Supplied data:
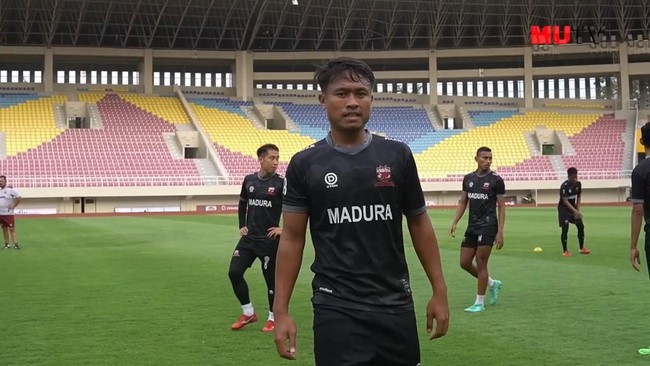 Esensi fair play dan sportivitas dalam sepak bola terlihat ketika pemain dari dua klub berbeda berpacu dengan waktu menyelamatkan Ricki Ariansyah yang kolaps.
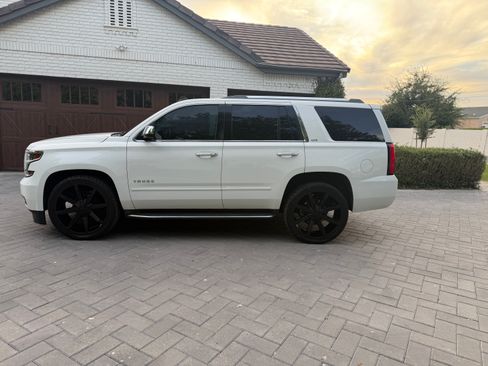 Used 2015 Chevrolet Tahoe LTZ RWD image 9
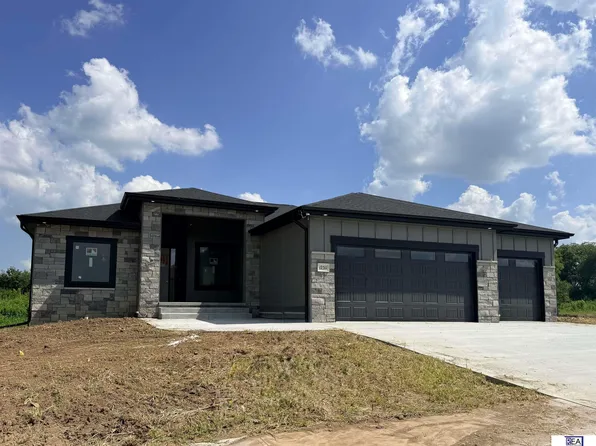 12511 S 87th Ave, Papillion, NE 68046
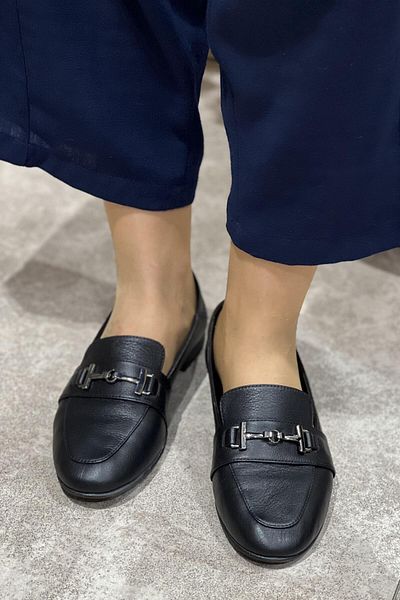 Majensia Genuine Leather Ballerinas with Buckle Detail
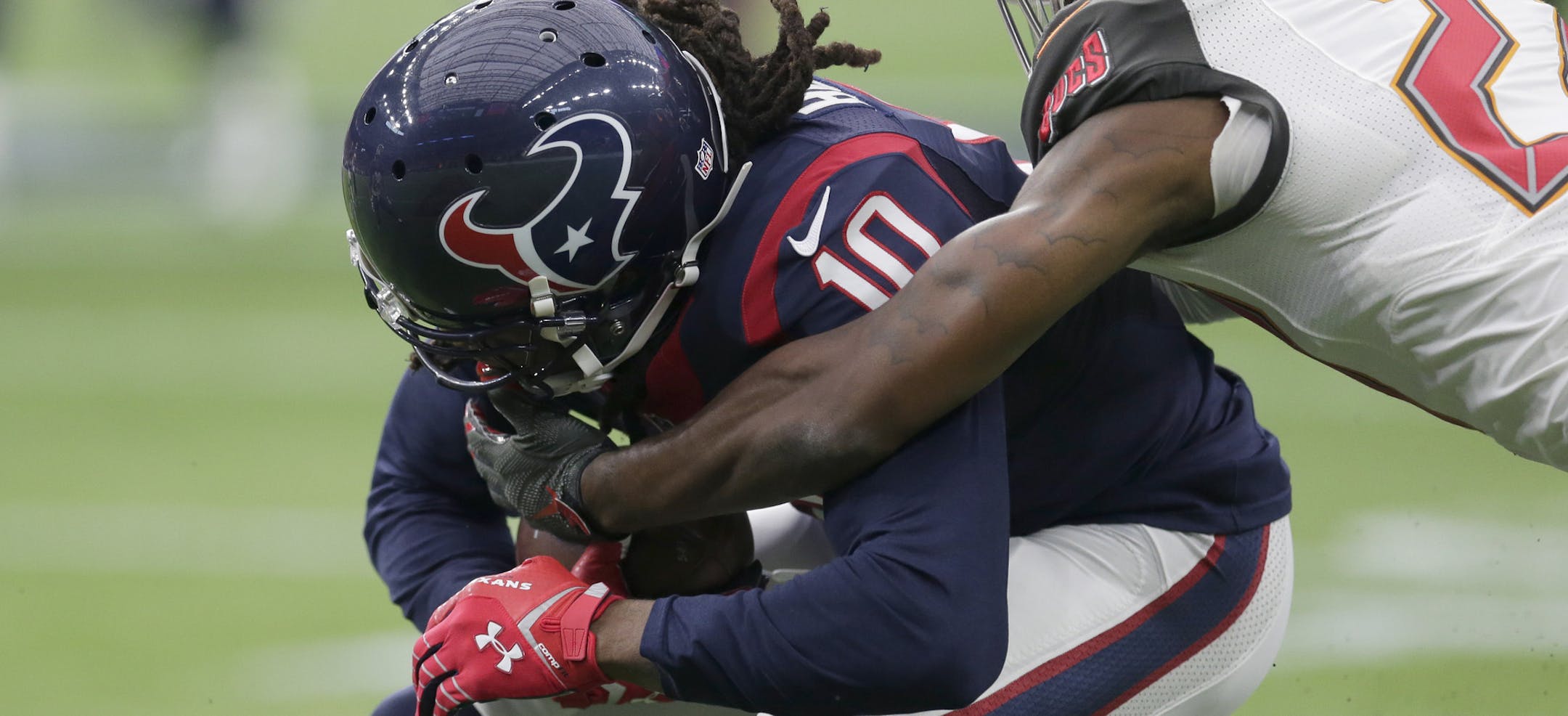 Houston's DeAndre Hopkins (10) catches a pass for a touchdown in front of Tampa Bay's Johnthan Banks (27) during the first half of an NFL football game Sunday, Sept. 27, 2015, in Houston. (AP Photo/David J. Phillip)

Assignment: From the top of the listing above, repeat each line exactly until you reach the line containing "Majensia Genuine Leather", and repeat that one too. Leave the pictures out.

Solution:
 Esensi fair play dan sportivitas dalam sepak bola terlihat ketika pemain dari dua klub berbeda berpacu dengan waktu menyelamatkan Ricki Ariansyah yang kolaps.
 Used 2015 Chevrolet Tahoe LTZ RWD image 9
 12511 S 87th Ave, Papillion, NE 68046
 Majensia Genuine Leather Ballerinas with Buckle Detail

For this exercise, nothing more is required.